Gravitational perturbations of the Higgs field

TL;DR

This paper investigates how classical gravitational backgrounds influence the Higgs field, focusing on the effective potential and energy-momentum tensor in a perturbed FRW metric, using adiabatic and dimensional regularization methods.

Contribution

It provides a detailed analysis of gravitational effects on the Higgs field's effective potential and energy-momentum tensor, including explicit solutions and regularization techniques.

Findings

Gravitational perturbations do not affect the leading order of the Higgs effective potential.

Regularized effective potential retains flat spacetime divergences, allowing standard renormalization.

Explicit expressions for the energy-momentum tensor in a perturbed metric are derived.

Abstract

We study the possible effects of classical gravitational backgrounds on the Higgs field through the modifications induced in the one-loop effective potential and the vacuum expectation value of the energy-momentum tensor.
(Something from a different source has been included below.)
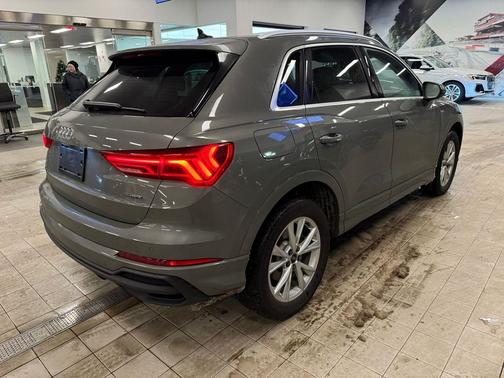 2024 Audi Q3 Premium 45 TFSI S line quattro Tiptronic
We concentrate our study on the Higgs self-interaction contribution in a perturbed FRW metric. For weak and slowly varying gravitational fields, a complete set of mode solutions for the Klein-Gordon equation is obtained to leading order in the adiabatic approximation. Dimensional regularization has been used in the integral evaluation and a detailed study of the integration of nonrational functions in this formalism has been presented. As expected, the regularized effective potential contains the same divergences as in flat spacetime, which can be renormalized without the need of additional counterterms. We find that, in contrast with other regularization methods, even though metric perturbations affect the mode solutions, they do not contribute to the leading adiabatic order of the potential. We also obtain explicit expressions of the complete energy-momentum tensor for general nonminimal coupling in terms of the perturbed modes. The corresponding leading adiabatic contributions are also obtained.